Each record should be given again exactly as it appears, with no image included.

Short web captions
━━━━━━━━

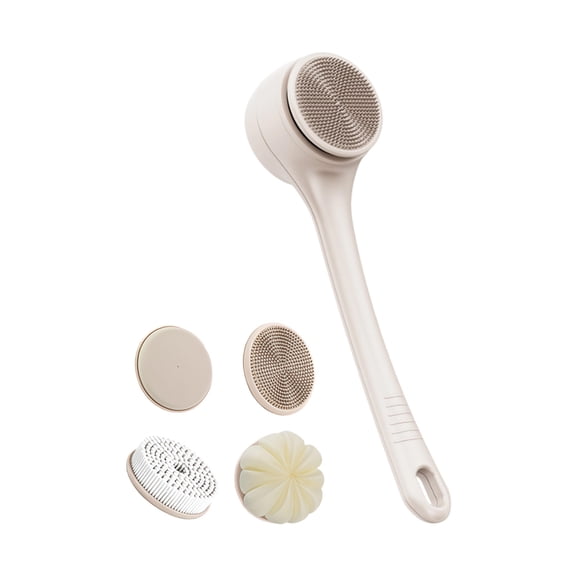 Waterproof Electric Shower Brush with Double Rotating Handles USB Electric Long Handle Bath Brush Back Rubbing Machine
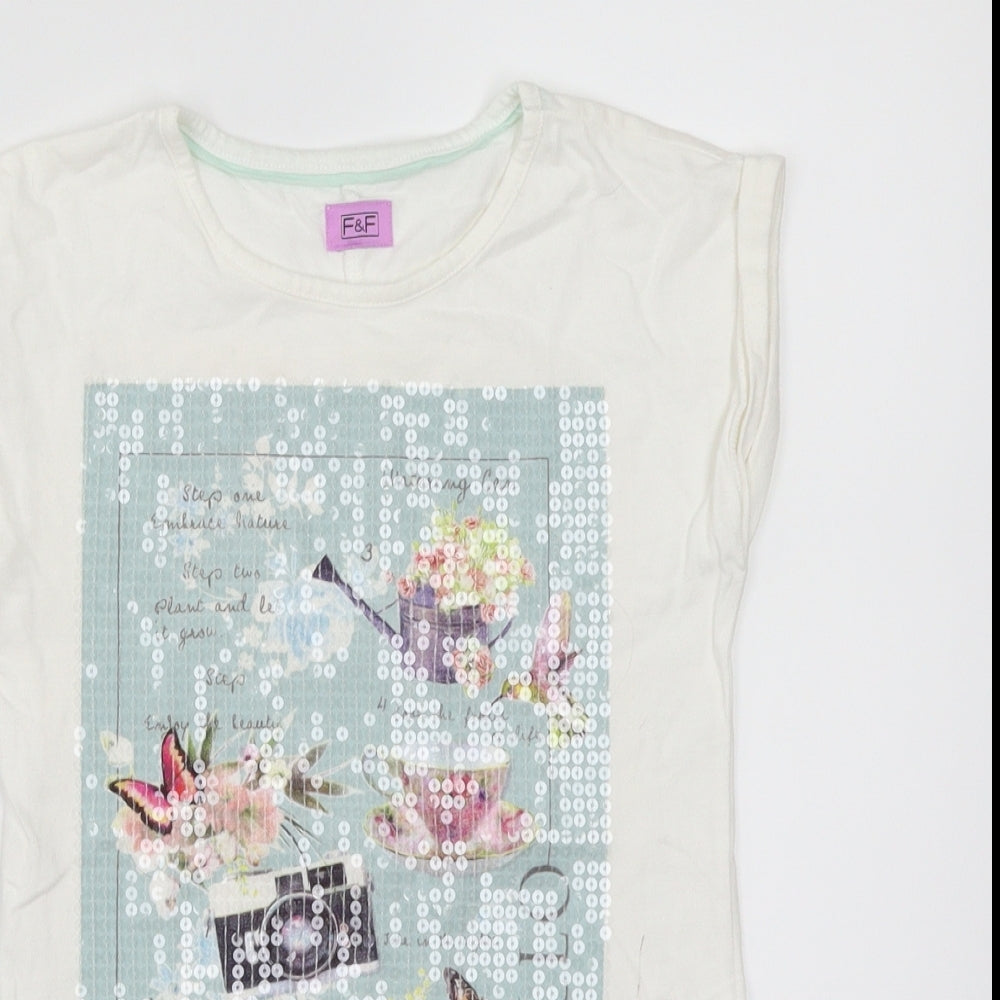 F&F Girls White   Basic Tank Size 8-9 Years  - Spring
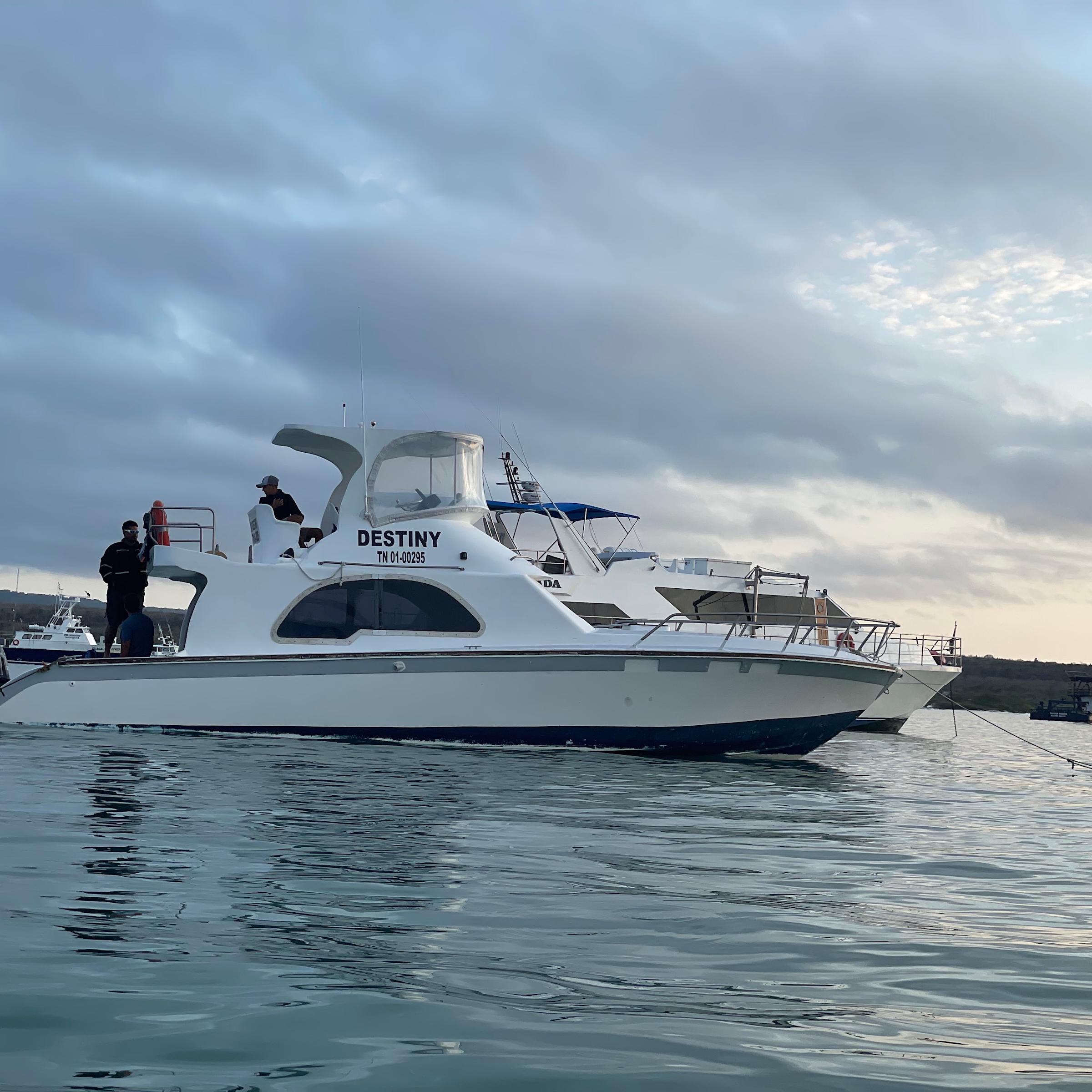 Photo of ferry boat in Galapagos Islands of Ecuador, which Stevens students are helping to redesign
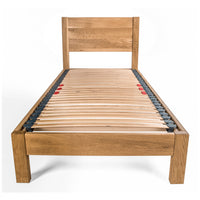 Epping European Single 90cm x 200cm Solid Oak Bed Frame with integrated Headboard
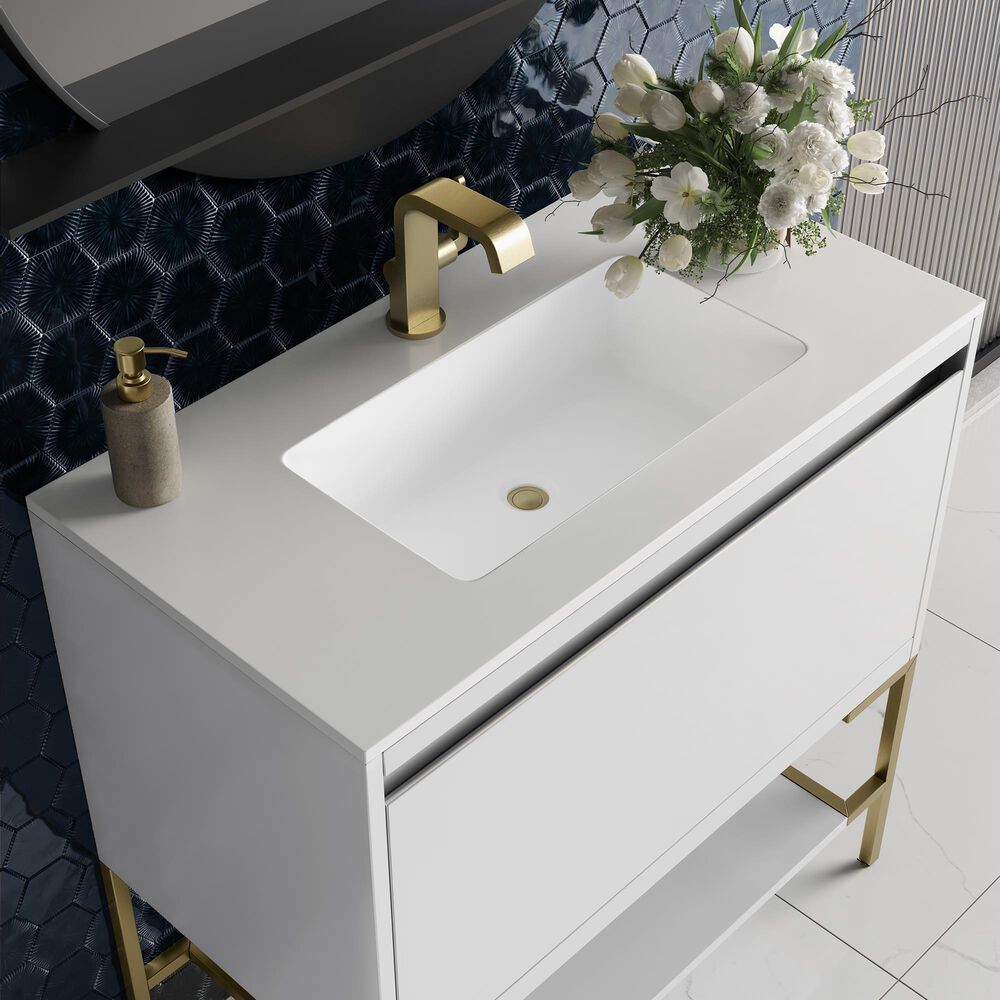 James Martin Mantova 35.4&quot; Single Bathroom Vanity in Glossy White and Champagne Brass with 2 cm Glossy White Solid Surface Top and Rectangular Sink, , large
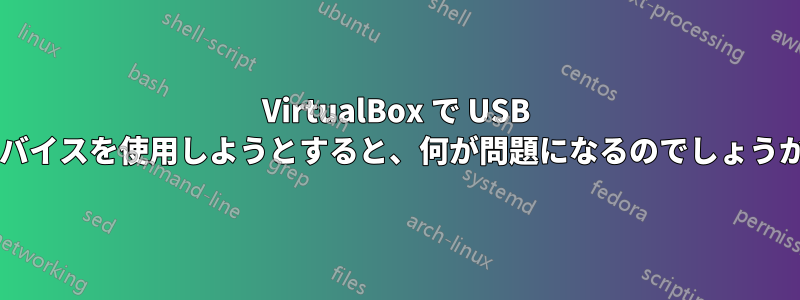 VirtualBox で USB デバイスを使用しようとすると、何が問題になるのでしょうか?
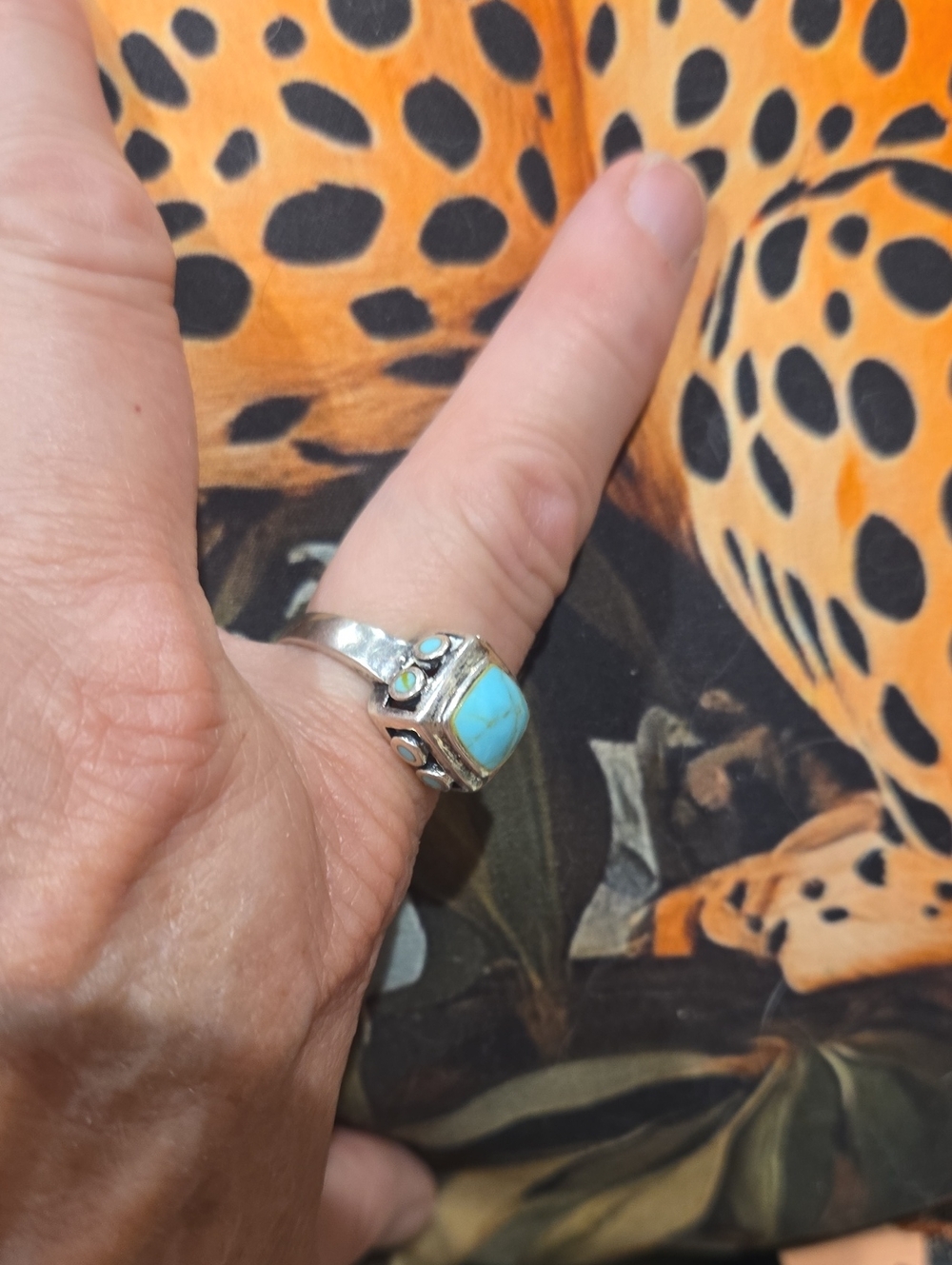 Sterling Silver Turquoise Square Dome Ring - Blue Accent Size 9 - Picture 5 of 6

━━━━━━━━

§ Reply:
 Waterproof Electric Shower Brush with Double Rotating Handles USB Electric Long Handle Bath Brush Back Rubbing Machine
 F&F Girls White   Basic Tank Size 8-9 Years  - Spring
 Photo of ferry boat in Galapagos Islands of Ecuador, which Stevens students are helping to redesign
 Epping European Single 90cm x 200cm Solid Oak Bed Frame with integrated Headboard
 James Martin Mantova 35.4&quot; Single Bathroom Vanity in Glossy White and Champagne Brass with 2 cm Glossy White Solid Surface Top and Rectangular Sink, , large
 VirtualBox で USB デバイスを使用しようとすると、何が問題になるのでしょうか?
 Sterling Silver Turquoise Square Dome Ring - Blue Accent Size 9 - Picture 5 of 6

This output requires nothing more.